Perhaps, the most unsettling choice Harpman makes is refusing explanation. There is no apocalypse described. No history uncovered. The narrator walks the world, writes her journal, and dies with the same question she began with :

Who were we?

Why were we imprisoned?

What happened to the world?

This narrative is not negligence - it is a radical political refusal. In a world obsessed with resolution, Harpman suggests that some violences remain unknowable not because they are too complex, but because they were never acknowledged in the first place.

Like so many women, like so many oppressed people, Harpman's narrator is not granted the luxury of context. Her story is not "about" something. It simply is.

Survival vs. Existence : A New Kind of Resistance

Unlike other dystopian narratives where survival is resistance, Harpman asks :

What if survival itself becomes unbearable?

The narrator's life is long, perhaps unnaturally so, but it is not full. She does not fight to live. She fights to understand. When that fails, she fights simply to continue. Not with hope, not with joy- but with a quiet relentless dignity.

In this she is closer to Camus' Sisyphus than to Katniss Everdeen. There is no glory in her journey - only the act of journeying.
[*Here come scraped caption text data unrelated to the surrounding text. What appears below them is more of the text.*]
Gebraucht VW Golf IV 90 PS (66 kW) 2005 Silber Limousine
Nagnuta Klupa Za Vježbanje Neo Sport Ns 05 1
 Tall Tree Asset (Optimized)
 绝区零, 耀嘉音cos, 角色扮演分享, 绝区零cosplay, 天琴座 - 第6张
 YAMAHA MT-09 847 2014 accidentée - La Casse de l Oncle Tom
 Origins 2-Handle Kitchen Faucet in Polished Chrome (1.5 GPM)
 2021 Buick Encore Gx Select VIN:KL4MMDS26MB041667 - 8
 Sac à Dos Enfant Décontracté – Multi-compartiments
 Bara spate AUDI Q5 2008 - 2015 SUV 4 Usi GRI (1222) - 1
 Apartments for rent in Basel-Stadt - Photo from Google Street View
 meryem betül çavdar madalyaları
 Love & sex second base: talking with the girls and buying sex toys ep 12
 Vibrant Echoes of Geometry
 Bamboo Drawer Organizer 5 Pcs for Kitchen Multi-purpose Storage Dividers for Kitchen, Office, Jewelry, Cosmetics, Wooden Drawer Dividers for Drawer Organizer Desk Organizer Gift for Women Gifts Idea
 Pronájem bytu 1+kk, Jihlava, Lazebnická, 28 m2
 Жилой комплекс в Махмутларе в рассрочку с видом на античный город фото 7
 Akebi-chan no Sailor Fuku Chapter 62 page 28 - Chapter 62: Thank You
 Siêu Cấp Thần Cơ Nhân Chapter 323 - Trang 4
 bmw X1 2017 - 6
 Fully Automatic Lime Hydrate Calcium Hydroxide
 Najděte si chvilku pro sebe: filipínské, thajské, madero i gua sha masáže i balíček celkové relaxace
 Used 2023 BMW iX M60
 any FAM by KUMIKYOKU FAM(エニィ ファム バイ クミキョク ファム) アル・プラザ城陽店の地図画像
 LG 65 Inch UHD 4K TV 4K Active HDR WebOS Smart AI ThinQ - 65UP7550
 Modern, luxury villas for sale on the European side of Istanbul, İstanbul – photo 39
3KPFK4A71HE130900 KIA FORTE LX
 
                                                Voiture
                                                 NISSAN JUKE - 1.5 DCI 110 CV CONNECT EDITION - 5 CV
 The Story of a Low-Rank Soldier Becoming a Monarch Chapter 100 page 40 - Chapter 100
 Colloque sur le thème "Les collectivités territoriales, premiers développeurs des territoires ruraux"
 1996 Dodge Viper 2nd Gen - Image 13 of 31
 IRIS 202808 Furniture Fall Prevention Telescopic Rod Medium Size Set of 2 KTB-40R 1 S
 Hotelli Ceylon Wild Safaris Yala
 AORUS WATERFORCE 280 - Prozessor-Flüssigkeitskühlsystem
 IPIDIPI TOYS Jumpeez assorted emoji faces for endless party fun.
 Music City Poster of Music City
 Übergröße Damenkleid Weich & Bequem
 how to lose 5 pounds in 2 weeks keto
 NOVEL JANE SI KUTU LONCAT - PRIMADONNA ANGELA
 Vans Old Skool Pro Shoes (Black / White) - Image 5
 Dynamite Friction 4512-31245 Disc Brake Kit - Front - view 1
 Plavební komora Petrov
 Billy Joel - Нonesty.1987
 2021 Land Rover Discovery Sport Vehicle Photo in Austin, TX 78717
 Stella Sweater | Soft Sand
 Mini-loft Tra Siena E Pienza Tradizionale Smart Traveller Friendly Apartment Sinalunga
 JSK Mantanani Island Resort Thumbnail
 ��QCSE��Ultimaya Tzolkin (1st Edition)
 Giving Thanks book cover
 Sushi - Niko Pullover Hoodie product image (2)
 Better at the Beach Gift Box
Her writing is not testimony. It is rebellion through remembrance.

Her walking is not escape. It is insistence on being.

Why This Book Matters Now

In the era of hyper visible feminist slogans, I Who Have Never Known Men dares to ask the quieter, more dangerous question :

What if the real violence is not abuse, but erasure?

What if patriarchy does not end in confrontation, but in apathy?

This is not a tale of uprising.

This is the tale of unbeing, of surviving long enough to remember yourself into existence.

Harpman's narrator - unnamed, untouched, unknowable - becomes a symbol not of womanhood, but of what is left of womanhood when history forgets to mention it.

And in that, this novel is not just a feminist work. It is a devastating elegy for all who were never known - by their families, by their countries, by the histories they were erased from.